I understand before asking this questions much, much, more information to get an accurate answer, but I think some one could likely provide more insight to this situation, and any additional insight would be appreciated.
We have a relatively complex server instance of JIRA/JIRA Service Management. Running on Windows Server as a service with a MSQL database. To give a bit of context: ~700 custom-fields, 30-40 actively managed workflows, many scripted fields, jobs, listeners, many behaviours, and a few fragments. We have many mail handlers consuming email from various locations, as well as a Service Desk mail handling. We generate around 75k-100k issues a year in all projects. We have about 25ish applications the big ones being:
Deviniti Extensions (Bundled fields, Queues)
JIRA Misc Custom Fields
Many others, but those being the biggest impacted I'm guessing.
A bit more before the questions...
We have some custom Powershell scripts ran weekly to copy the production instance and Database weekly. It copies the production JIRA data over to a test environment, and the Production database, we insert Dev keys for everything pre-boot, and then the instance boots up licensed Dev with all production data intact.
For the second time now, we've had a failure in this process which resulted in dbconfig config copy failures and inadvertently ended up with both Prod and Test JIRA pointed to the same DB for a time. The last time this happened it was ~12 hours. The most recent occurrence of this was closer to 72 hours as it included a weekend.
Luckily not much activity takes place in the test instance, I am not so much worried about the data integrity from changes happening there. My big question is the long term impact from something like this happening.
Noticeable effects that I've seen both times prior to a disconnect and reboot are: Mail Handlers fail to work properly, anything dependent on cron statements tends to fail, configuration settings from test seem to at times override production config settings.
I've spoken with Atlassian support on this, and obviously the recommendations were to rollback, and little insight could be given to the impact of the 3rd party application configurations. Does anything stick out glaringly as a long term problem once the initial cause is remediated, and everything is pointed back to where it belongs and restarted?
Thank you for any insight on this topic, again I know a lot of specifics would be needed to truly understand all the impact.
There's one very simple thing that stands out to me:
>which resulted in dbconfig config copy failures and inadvertently ended up with both Prod and Test JIRA pointed to the same DB for a time.
Why in heck's name are you copying production settings to a test system?
By all means, copy the database to a test system, and the attachments, and do all the things to isolate test from everywhere else, but why are you copying the database connection to production over to a test system?
The thing that sticks out as a long term problem is "stop connecting test systems to your production database"
I know that's quite a harsh and bloody-minded attitude, but I really can't see why you would do this, or think it's a useful way to get a test system.
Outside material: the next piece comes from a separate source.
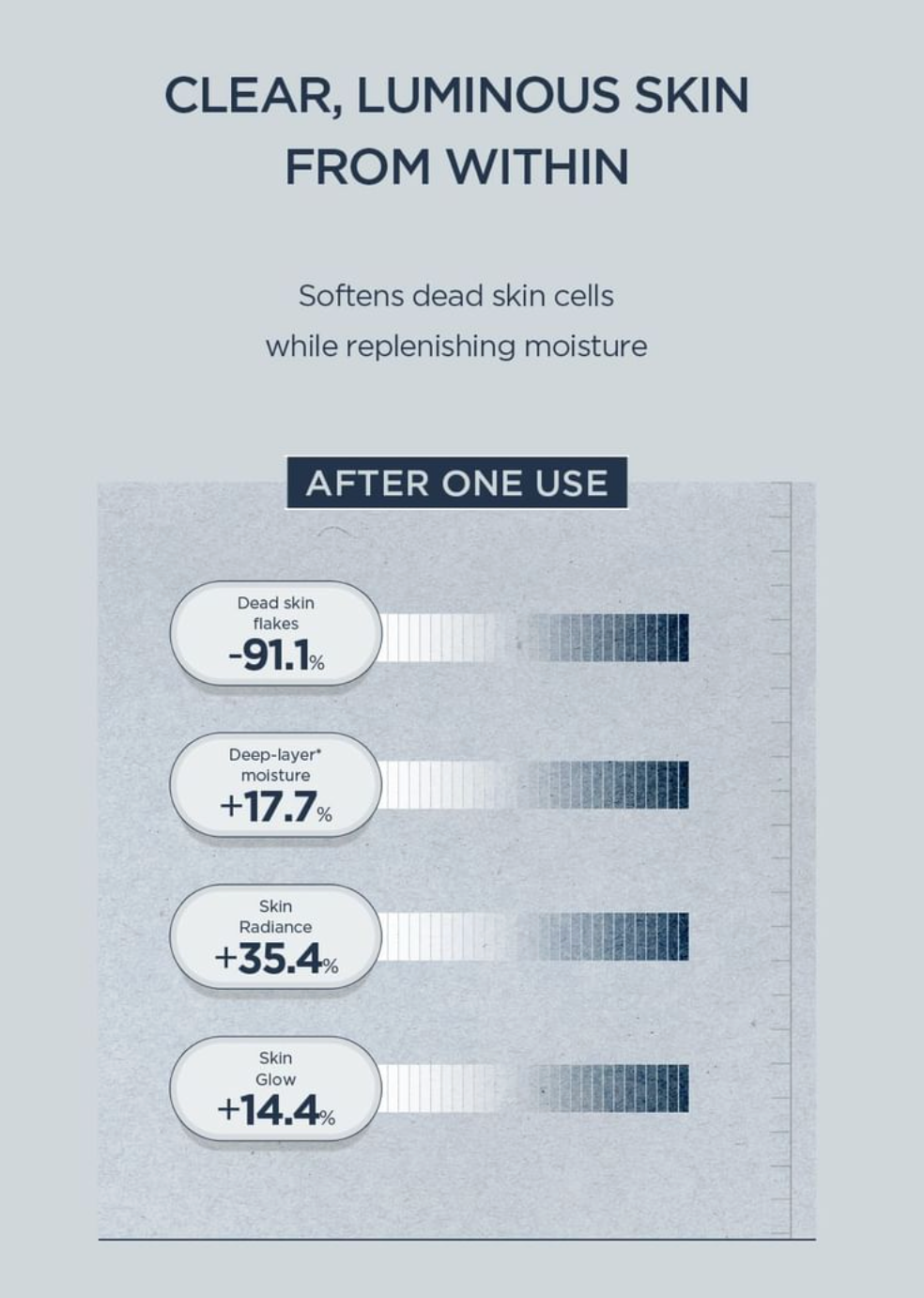 SKIN1004 - Madagascar Centella Hyalu-Teca Glass Skin Milk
This is not as complex as you seem to think - just stop connecting test to live and you are ok.
Thank you for the blunt answer, and I 100% and wholeheartedly agree, maybe I did a bad job explaining.
We never had purposely done this, there is some process error on the team here that has inadvertently caused this to happen, twice now. The scripting they did was to exclude all config settings files but somehow they were copied over. (outside of my scope)
My question above is very specific to the potential impacts inside JIRA from this happening. I think the feeling is mutual that this is kind of insane.
Ok, the potential impacts are very simple - a totally corrupt data set that initially appears to be ok, but fails later, is the worst case.
You absolutely need to go back to the backup you took before this error was made, or you'll never know if your data was damaged in ways that are going to bite you later. I've seen something like this done in Jira break the attempted upgrade a year later, by which time of course, it's far too late to roll back to a backup.
for the unfortunate current situation you received many valid information from Nic.
For the future I am wondering if it makes sense to bring up some kind of firewalling between prod and non-prod environment.
Any other solution will work as well - basically anything that prevents an access from non-production environment to live database, even in case of a errorneous configuration.
We’re excited to introduce external collaboration for Confluence, now available in early access. It is available to preview for Confluence Cloud Premium and Enterprise customers. (If you're not on ...
Connect with like-minded Atlassian users at free events near you!Find an event
Connect with like-minded Atlassian users at free events near you!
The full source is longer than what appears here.